I’ve only ever tried later PRV V6 engines. The 3.0 12V in a 605 was very satisfactory indeed and had more than enough power to demand caution of the driver in the pre-traction control days.
It’s an engine which seemed very application-sensitive. Renault made very effective use of it, but it never really worked in any Volvo. The 264 was a poor shadow of its straight six 164 predecessor, which in fuel-injected form was like a Vanden Plas Princess from hell.
I’d like to think that the V6 504 coupe and convertible were as good as they ought to have been – a sort of thinking man’s Triumph Stag. LJKS spoke highly of the very rare 2850cc V6 505, describing it as far better than the sum of its parts.
My knowledge of the development process leading to the 604 is limited, but I’ve always – possibly over-romantically – seen it as Peugeot’s answer to the Fiat 130. The Fiat was a hubristic vanity project, an overgrown 2300 replacement. Practically nothing was shared with any other Fiat product. I can imagine the canny Protestants of Sochaux enjoying the challenge of making their ‘130’ at a fraction of the cost, using 504 wagon doors and floorpan, combined with an engine which was available to them, but had no other obvious purpose to the company. The dimensions of the 130 and 604 are very similar; same length, tracks very close, the French car is 30mm narrower, but has an 80mm longer wheelbase.
Compared with the 130 Berlina, the 604 was a rip-roaring success, selling ten times as many in its ten year production life. The figure I’m applying for 604 production is 153,252. Given the use of components already in production, it doesn’t look to me like a commercial failure.
I think Peugeot wanted to keep the 604 upmarket and exclusive, rather than being a Granada or Renault 20/30 rival. The 505 was being readied to take on that task.
Fascinating series, very well written and researched and of great interest to me here in the US since I have two 604s. The 79 five speed stick and 1985 fuel injection GTI. The former is fairly quick, the latter is a real Jack Rabbit and has a lot of power. both are sumptuous, with ice-cold Air which is required in this country, and very comfortable. I must say that a lot of the plastic bits in the interior are kind of cheap and haven’t always held up well. Well-maintained, these cars are superb. What I like about them as well is the elegant styling which has held up very well over the decades: the elegant “Mexican hat” hub caps, the refined color scheme (particularly the tobacco brown and unusual green), etc. Great cars for the price here in the US where they have not held their value at all. And, even here, neither of mine has any rust which is highly unusual for an older Peugeot.
Thanks very much. I have held a candle for the 604 every since Car magazine dumped all over it in a tiny article nobody remembers. Sadly their value has increased more than in line with my access to capital.
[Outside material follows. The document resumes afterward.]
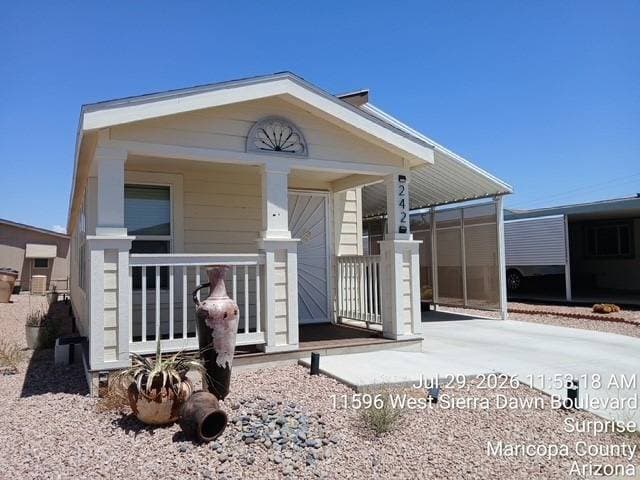 Manufactured home in Surprise, AZ 85378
They used to be always worth little and now a good one is worth a tidy sum. It´s partly my fault since I´ve been boosting them assiduously for a decade. I´ve done the same to the Trevi.
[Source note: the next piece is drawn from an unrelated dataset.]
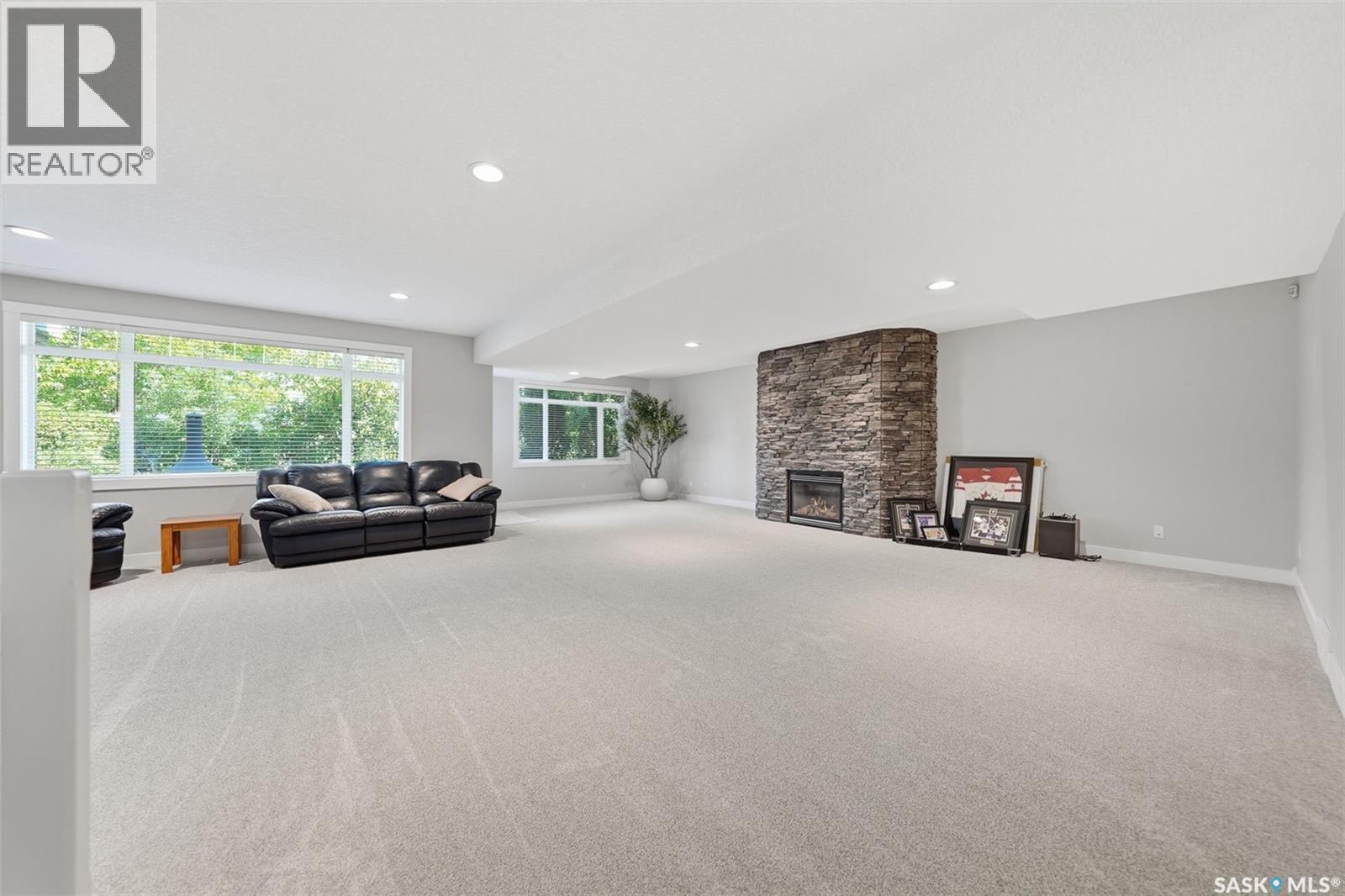 934 Maguire CRESCENT - Image 44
You will find here a drive test of the 604. The take homes were a) it is a delightful car for the reasons claimed and b) the 406 does exactly the same thing, wrapped up in a more banal shell.
If you feel like posting images of your cars here, please feel free.
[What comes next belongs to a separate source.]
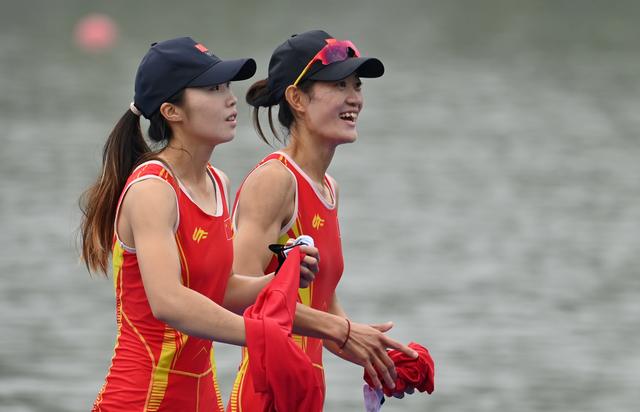 贝宁选手在赛艇比赛中斩获冠军 贝宁选手在赛艇比赛中斩获冠军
Ok so here are the latest news regarding the new Peugeot logo that is rumoured to debut on the next 308 sometime next year. So urgent are the news that it warrants a 3.45am post I think. The lastest Autojournal magazine has it that the new logo will be similar to the one seen on the e-Legend concept car: a ‘retro’ theme then but is said to be transparent to accomodate the differents type of radars on some versions.